The pressure to conform to a standard of good, “scientific motherhood” (13)—ever increasing as-is with every technological advancement, access to more and more data—this pressure increases exponentially when mothering a child with disability or medical needs. Willie is born with congenital deafness, and diagnosed with diabetes around her first birthday. Her mother vacillates between profound thankfulness for the technologies which sustain Willie, which make her life better, and the impulse  to resist, or at the very least question, the extent of technological intervention in their lives.

Bloom is ambivalent towards the networks in which she, as Willie’s mother, is enmeshed. On the other hand, there is nothing equivocal or unsure in her embrace of another network which shapes her life, the connections with people dear to her heart. Late in the memoir, Bloom recounts being asked about her personal connection to disability, having just given a lecture about Teresa Deevy, a deaf playwright.

Disability rippled through my life, but it is also not mine to claim, I wanted to say. I was adjacent to disability, but this adjacency has shaped every contour of my personality and my sense of the world. (225)

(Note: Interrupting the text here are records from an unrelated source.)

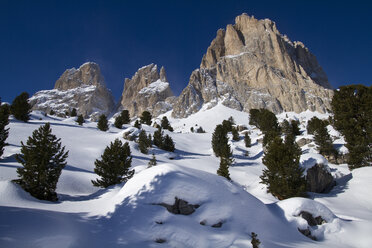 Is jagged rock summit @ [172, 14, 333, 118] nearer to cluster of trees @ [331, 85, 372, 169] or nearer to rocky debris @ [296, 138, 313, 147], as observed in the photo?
rocky debris @ [296, 138, 313, 147]

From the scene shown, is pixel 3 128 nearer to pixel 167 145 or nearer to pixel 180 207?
pixel 180 207

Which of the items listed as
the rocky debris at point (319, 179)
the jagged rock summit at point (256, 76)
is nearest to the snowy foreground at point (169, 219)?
the rocky debris at point (319, 179)

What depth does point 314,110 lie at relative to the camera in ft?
427

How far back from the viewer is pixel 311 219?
1023cm

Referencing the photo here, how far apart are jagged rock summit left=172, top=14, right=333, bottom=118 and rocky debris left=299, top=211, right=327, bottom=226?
135462mm

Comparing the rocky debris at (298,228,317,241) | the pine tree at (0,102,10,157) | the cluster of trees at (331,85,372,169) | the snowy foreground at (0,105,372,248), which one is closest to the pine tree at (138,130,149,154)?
the pine tree at (0,102,10,157)

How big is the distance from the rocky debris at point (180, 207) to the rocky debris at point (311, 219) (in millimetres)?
5983

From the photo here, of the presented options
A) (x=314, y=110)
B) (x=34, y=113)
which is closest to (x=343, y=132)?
(x=34, y=113)

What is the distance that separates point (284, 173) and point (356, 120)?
1428 centimetres

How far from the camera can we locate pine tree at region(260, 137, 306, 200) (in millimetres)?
16469

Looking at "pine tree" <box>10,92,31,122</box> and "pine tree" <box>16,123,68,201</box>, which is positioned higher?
"pine tree" <box>10,92,31,122</box>

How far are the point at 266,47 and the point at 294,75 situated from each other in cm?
3497

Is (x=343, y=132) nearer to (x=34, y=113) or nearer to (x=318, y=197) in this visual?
(x=318, y=197)

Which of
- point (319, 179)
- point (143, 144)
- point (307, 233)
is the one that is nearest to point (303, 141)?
point (319, 179) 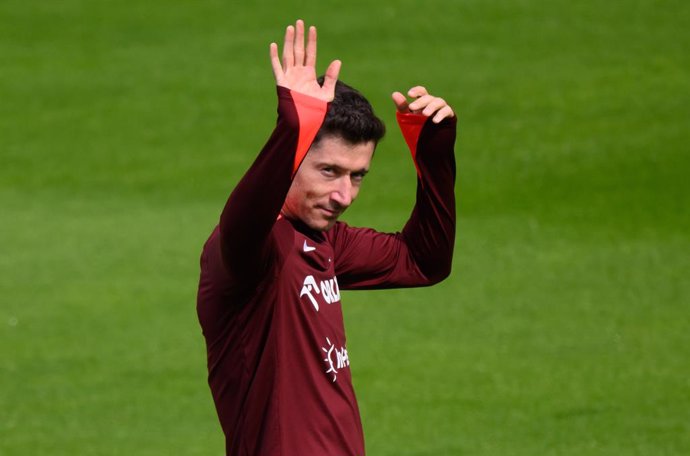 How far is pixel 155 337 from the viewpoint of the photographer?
10859 millimetres

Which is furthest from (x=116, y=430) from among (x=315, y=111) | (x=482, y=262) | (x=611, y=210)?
(x=611, y=210)

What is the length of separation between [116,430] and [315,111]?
553 cm

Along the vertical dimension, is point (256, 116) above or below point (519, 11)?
below

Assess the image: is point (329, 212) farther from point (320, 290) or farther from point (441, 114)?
point (441, 114)

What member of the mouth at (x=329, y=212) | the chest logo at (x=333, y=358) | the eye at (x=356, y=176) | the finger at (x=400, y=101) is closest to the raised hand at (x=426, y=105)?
the finger at (x=400, y=101)

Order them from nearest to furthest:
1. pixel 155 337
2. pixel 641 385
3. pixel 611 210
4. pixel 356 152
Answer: pixel 356 152 < pixel 641 385 < pixel 155 337 < pixel 611 210

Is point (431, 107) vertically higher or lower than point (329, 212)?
higher

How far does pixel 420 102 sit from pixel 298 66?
584mm

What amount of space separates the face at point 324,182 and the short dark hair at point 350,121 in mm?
22

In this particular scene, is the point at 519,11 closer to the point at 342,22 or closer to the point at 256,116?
the point at 342,22

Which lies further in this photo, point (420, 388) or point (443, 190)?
point (420, 388)

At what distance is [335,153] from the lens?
13.5 feet

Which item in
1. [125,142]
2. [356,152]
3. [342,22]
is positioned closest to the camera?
[356,152]

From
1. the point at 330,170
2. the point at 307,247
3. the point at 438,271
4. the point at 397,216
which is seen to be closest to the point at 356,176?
the point at 330,170
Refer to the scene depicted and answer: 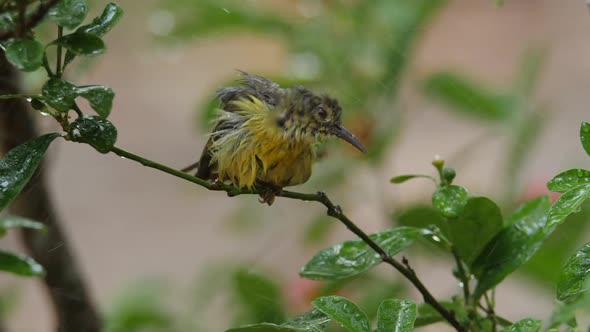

The words do not come out as an answer at the lecture; Bloom is hesitant to cross the divides which separate her academic self, and the world that such self occupies, from her other self—the one that is “adjacent to disability” through the people closest to her: her brother, her daughter. This answer-that-would-have-been, meanwhile, lays the foundation for the structure of the memoir, as well as some of its main thematic questions: what are the boundaries between the self and the world? How does knowledge, with its shifting parameters in data and technology, change our conception and experience of those boundaries?

A Proverb

At my PhD graduation ceremony in May, one of the speakers evoked an ancient Greek proverb: a fox knows many things, but a hedgehog knows one big thing. Earning a PhD means donning a hedgehog’s quills, affirming knowledge of One Big Thing. I Cannot Control Everything Forever is not a hedgehog book; it does not dig deep and narrow, it does not view the world through the lens of one idea. It is also not a fox book, wide reaching as it is in scope. Rather, Bloom’s book demands a revision to this proverb: “The Butterfly knows how things transform,” the proverb-updated-for-the-twentieth-century would go, “but the spider knows how they connect.” A true spider-book, Bloom’s memoir also has the power to help us rethink how knowledge itself is classified, organized, and lived with.